Re: Use of Providers

Jan Luehe (Jan.Luehe@Eng)
Fri, 5 Sep 1997 17:09:36 -0700 (PDT)

Date: Fri, 5 Sep 1997 17:09:36 -0700 (PDT)
From: Jan Luehe <Jan.Luehe@Eng>
Subject: Re: Use of Providers
To: java-security@java0.javasoft.com, Mayank.Upadhyay@Eng

Mayank:

> I am working on a Java GSS-API (Generic Security Services API) at SunSoft
> for the WebNFS client and am interested in using the provider model of your
> JCA.

Great!

> My understanding is that a Provider basically provides the names of the
> classes that implement the abstract engine classes. A factory method in an
> engine class would use such a class name to return an instance of the
> implementation. However, I dont see any methods in the Provider class that
> would allow this information (class name) to be queried from it by another
> class.

An application does not need direct access to the class names that
implement the abstract engine classes.

The static getImpl() method in the Security class does the job for
you.
This method is called by all the getInstance() engine mthods.

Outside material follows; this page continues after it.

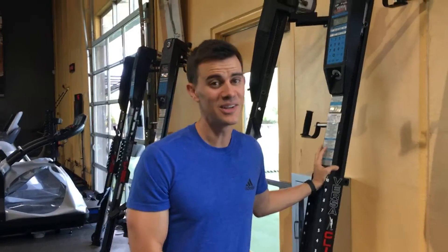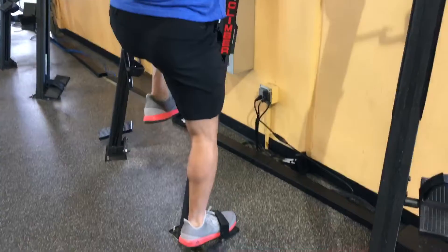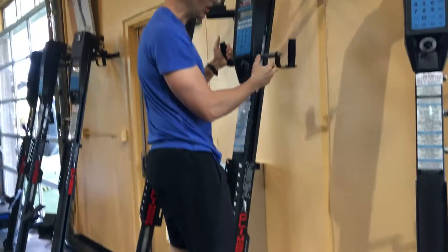How do you use the thing? Luckily this is pretty simple because it's human powered. So we're going to step in, and there's an on and off button.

getImpl() has access to all the registered providers, and can query
their properties. Each property is keyed by an algorithm/type name
and the associated value is the name of the class which provides
the implementation
(Remember: Provider extends Properties, which itself extends Hashtable!)

If you really need to access a provider's properties directly,
you can call

public static Provider getProvider(String name)

(this method is defined in Security.java, and "name" is the
name of the provider),

and then query the properties of the returned Provider object.